An der Theke macht der technische Fortschritt nicht halt. Was die Kombüse hergibt, lässt sich nun mit Hilfe eines QR-Codes auf dem eigenen Smartphone lesen. Speisekarten müssen somit nicht mit verteilt und später aus Hygienegründen abgewischt werden. Auf Wunsch wird natürlich trotzdem eine Karte gereicht, betont Orlowski. Nicht jeder hat ein Smartphone zur Hand.
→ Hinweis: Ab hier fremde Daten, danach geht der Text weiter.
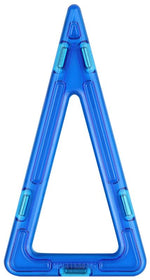 Load image into Gallery viewer, Isosceles Triangle 12PC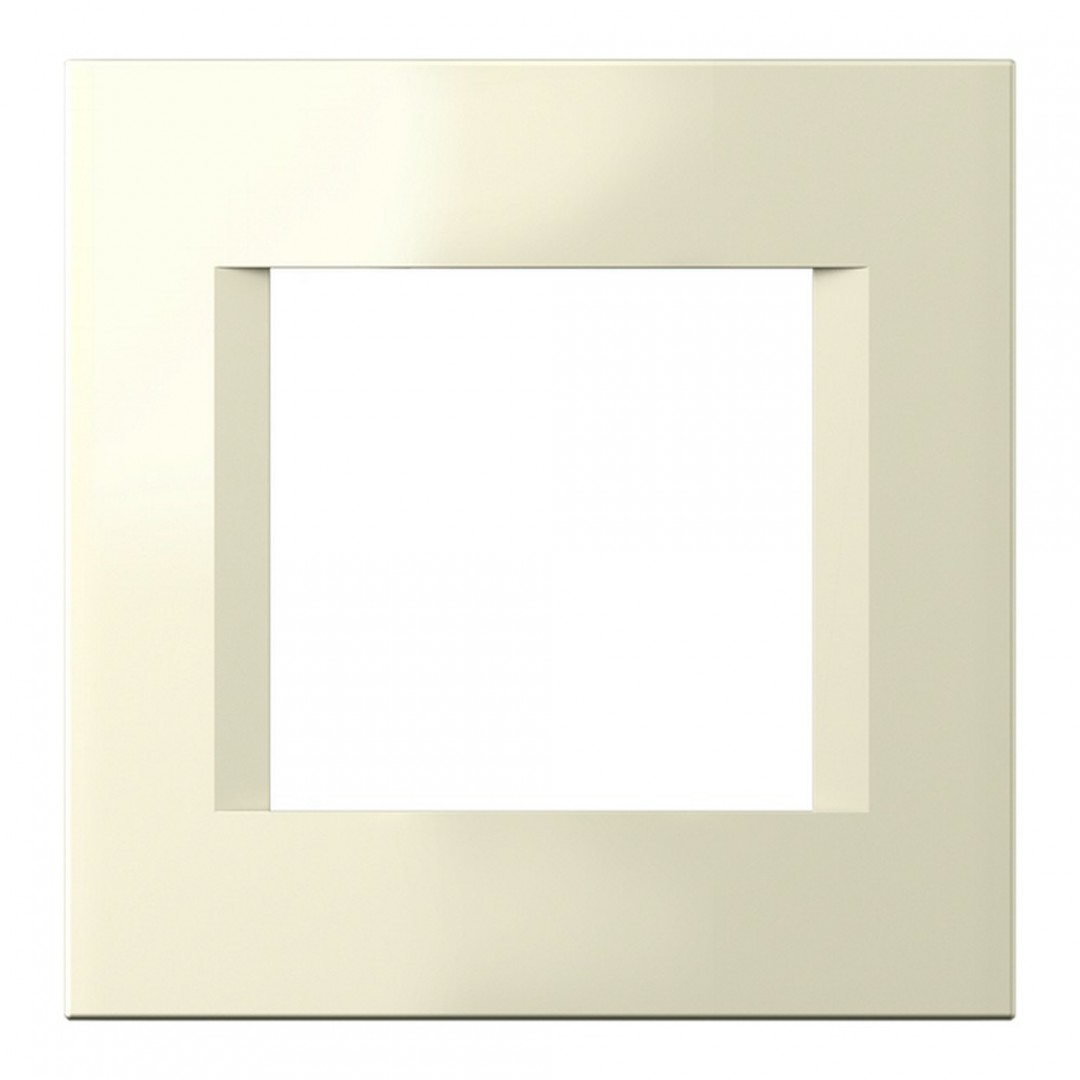 KREM OKVIR - LINE - 2M - OL20IW - TEM MODUL  KREM OKVIR - LINE - 2M - OL20IW - TEM MODUL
Die Digitalisierung hält auch bei der Weißen Flotte Baldeney Einzug
Auch die bargeldlose Zahlung hält Einzug bei der Weißen Flotte. Tickets für den Linienbetrieb lassen sich zukünftig im voraus online buchen – oder per Smartphone am Anleger. Auf den Fahrplänen steht dafür ebenfalls ein QR-Code. Orlowski nennt das „Premium-Boarding“. Wer ein elektronisches Ticket vorzeigen kann, darf zuerst an Bord.
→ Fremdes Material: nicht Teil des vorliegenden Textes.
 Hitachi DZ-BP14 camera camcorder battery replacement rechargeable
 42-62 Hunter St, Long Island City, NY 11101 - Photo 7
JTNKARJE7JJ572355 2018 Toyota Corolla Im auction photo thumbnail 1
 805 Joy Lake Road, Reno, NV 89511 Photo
„Wir könnten jederzeit ablegen“, sagt Orlowski. Wenn die Corona-Inzidenz es denn nur zuließe. Auch dann könnte eine Schifffahrt nicht frei von Hindernissen sein. Vor allem, wenn das Ziel jenseits der Stadt Essen liegt. „Wir sind darauf eingestellt, dass sich unsere Fahrgäste über die Luca-App registrieren müssen“, berichtet Orlowski. Mülheim, wo die Weiße Flotte ebenfalls fest macht, habe sich hingegen noch nicht für die Luca-App entschieden.
Eine Flotte aus fünf Schiffen
Zur Weißen Flotte Baldeney zählen derzeit fünf Fahrgastschiffe: Die „Stadt Essen“ (Baujahr 1987), die „Kettwig“ (Baujahr 1975), die „Heisingen“ (Baujahr 1985), die „Baldeney“ (Baujahr 1979) und das von einem Elektromotor angetriebene Schiff „Westenergie“, das von 2017 bis 2020 noch unter dem Namen „Innogy“ auf der Ruhr und auf dem Baldeneysee fuhr.
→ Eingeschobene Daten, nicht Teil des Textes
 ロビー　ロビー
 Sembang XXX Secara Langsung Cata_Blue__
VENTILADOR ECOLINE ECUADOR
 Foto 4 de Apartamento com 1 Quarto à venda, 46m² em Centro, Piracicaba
Die „Steele“ wurde von der Weißen Flotte im vergangenen Jahr an eine Reederei in Österreich verkauft. Derzeit befindet sich das Schiff in einer Werft bei Bonn, wo es umgebaut wird.
Auf dem Rhein-Herne-Kanal passiert die Weiße Flotte die Grenzen von fünf Ruhrgebietsstädten – von Oberhausen, Bottrop, Essen, Gelsenkirchen und Herne. „Was passiert, wenn in Essen die Inzidenz in Essen unter 100 liegt und Oberhausen oder Gelsenkirchen darüber“, stellt Orlowski eine hypothetische Frage. Dann dürften die Passagiere an Bord die Maske nur ab nehmen, so lange das Schiff auf Essener Gebiet fährt. Auch das Verzehren von Speisen und Getränken wäre nur auf dem Essener Kanalstück erlaubt. Derzeit sieht es danach nicht aus. Aber wäre so etwas überhaupt praktikabel? Zweifel sind erlaubt.
So hoffen sie auch im Hafen am Hardenbergufer auf das, worauf so viele warten: endlich wieder Normalität.